AS you can see, same as my XFX card, so I'm not sure why it's not working.:

View attachment 42843


----------



## doveman (Jul 14, 2011)

I just tried GPU-Z 0.5.4 under XP 32, rather than Win 7 64 which I normally use, just to see if it made any difference but it didn't as you can see (VReg Temp 2 didn't fit in the screenshot but it didn't change from 25c during the test).


----------



## W1zzard (Jul 14, 2011)

it's possible that temperature monitoring of the CHiL controller does not work at all


----------



## doveman (Jul 14, 2011)

But cadaveca's XFX card uses a CHiL controller and he reports that Vreg Temp 1 is working and matches what he's measured with a probe.


----------



## 95Viper (Jul 14, 2011)

Just wondering, have you tried other apps to see if they read the same?

HWInfo (has a very nice sensor monitor page)
HWMonitor


----------



## W1zzard (Jul 14, 2011)

he's getting 29° and 26° .. those numbers don't look right to me


----------



## doveman (Jul 14, 2011)

The 26c is the Vreg Temp 2, which reads the same on mine and appears to be a phantom reading that can be ignored.

The 29c is his Vreg Temp 1 at idle. Is that lower than you'd expect?


----------



## doveman (Jul 14, 2011)

95Viper said:


> Just wondering, have you tried other apps to see if they read the same?
> 
> HWInfo (has a very nice sensor monitor page)
> HWMonitor



HWMonitor only shows one temp and one voltage for my 6950.

HWInfo shows a lot more, but still no VRM temp as you can see:


----------



## doveman (Jul 18, 2011)

Well I asked Powercolor " I have a AX6950 2GBD5-2DH and GPU-Z does not show the Vreg Temperature (Vreg Temp 1 is 0c and Vreg Temp 2 stays at 25-26c). I believe this card uses the CHiL controller. Can you confirm that this supports Vreg Temperature monitoring?"
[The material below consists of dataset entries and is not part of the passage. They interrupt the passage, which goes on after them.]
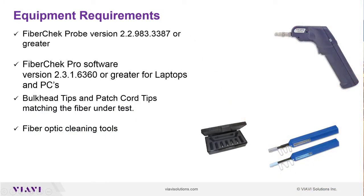Equipment Requirements. You'll need a FiberCheck Probe version 2.2.983.3387 or greater, and FiberCheck Pro software version 2.3.1.6360 or greater for laptops and PCs. You'll also need bulkhead tips and patch cords matching the fiber under test, and fiber optic cleaning tools.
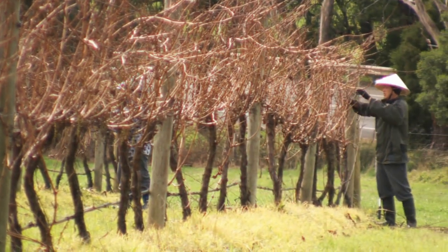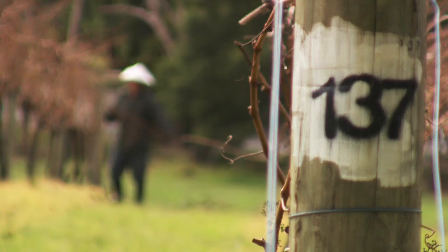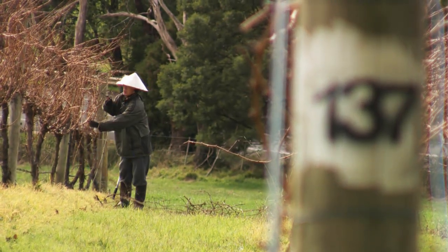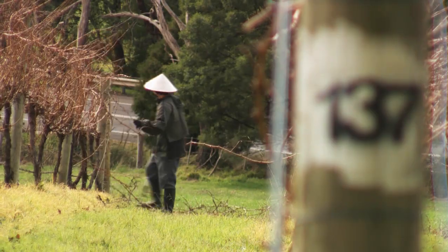So you don't need to do it — you just do it to break things up? Yeah, and we don't quite have enough grapes planted ourselves. We've got a lot of grapes planted but it's never quite enough.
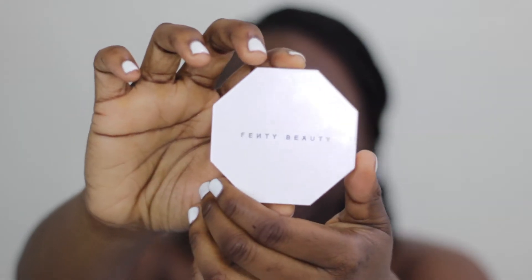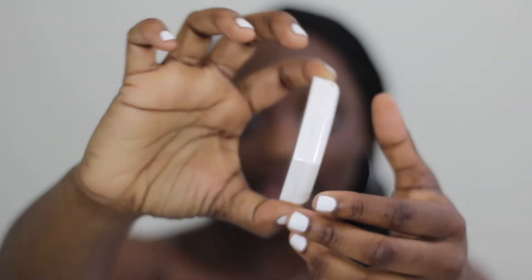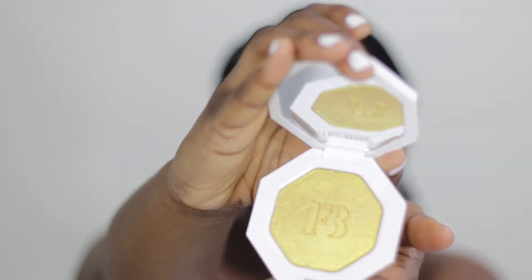Then I got the Fenty Beauty Trophy Wife — it's the Kilowatt Freestyle Highlighter, and this is what that looks like. And then I got the lip gloss, the Glass Bomb, in Fenty Glow, and this is what that looks like.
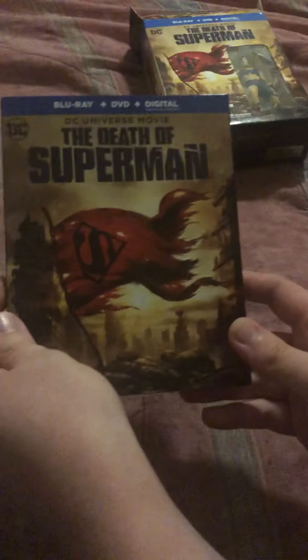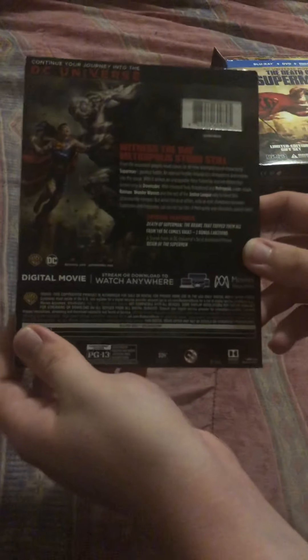Here's the front cover of The Death of Superman Blu-ray plus DVD plus digital. Here's the spine with one of the bad guys on it. Here's the back, same as the collectible box. And here is the front cover, same as the slipcover, just not engraved.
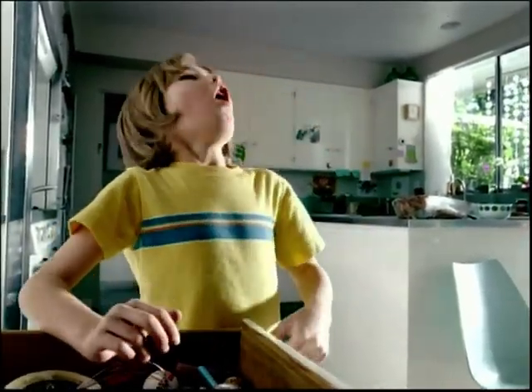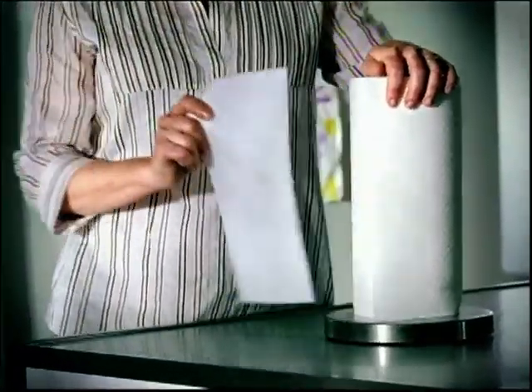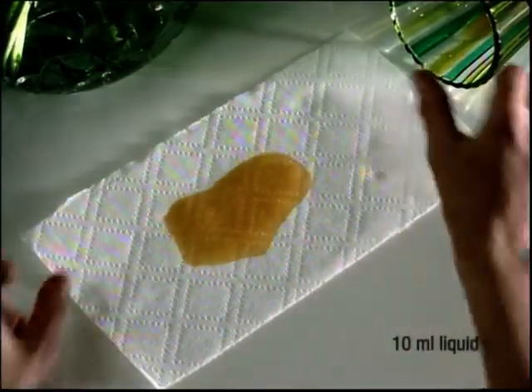Cool! Just because you've got a lot of cleaning up to do, doesn't mean you need a full-size paper towel to do it. Bounty SelectaSize. Each sheet is 45% smaller, but it's 100% Bounty.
and they replied "I think the readings of GPU-z is suitable for BBA(built by AMD) boards only, it does not fit for every card. So it can not read very detail of other cards, this should be normal, please do not worry."

so not that useful!


----------



## doveman (Sep 17, 2011)

Well  someone else has shown  that their XFX 6950 using the same CHiL8214 controller as my Powercolor reports the VRM temperature OK. I don't know if Powercolor could have crippled this feature somehow or if I just have a faulty board.


----------



## cadaveca (Sep 17, 2011)

Are you having problems with the card, or something?


Oh, and my 29c temps are correct, 26c is not, or at least, it's not connected to anything that matters. IF your sensor is not miving, it must be like hte secondary on my card, just not connected/working.


----------



## doveman (Sep 17, 2011)

cadaveca said:


> Are you having problems with the card, or something?
> 
> 
> Oh, and my 29c temps are correct, 26c is not, or at least, it's not connected to anything that matters. IF your sensor is not miving, it must be like hte secondary on my card, just not connected/working.



Only problem I'm aware of is the the VRM sensor not working, but obviously if one thing is broken it makes me worry about the quality of my card. If Powercolor were to say that they've purposely disabled the sensor (although I'm not sure if they can even do this) then I'd be less concerned although I would like to be able to monitor my VRM temperatures, like everyone else can, for when I replace my heatsink.

I've got two VRM sensors on my card as well, and one is stuck on 26c and the other shows 0c.


----------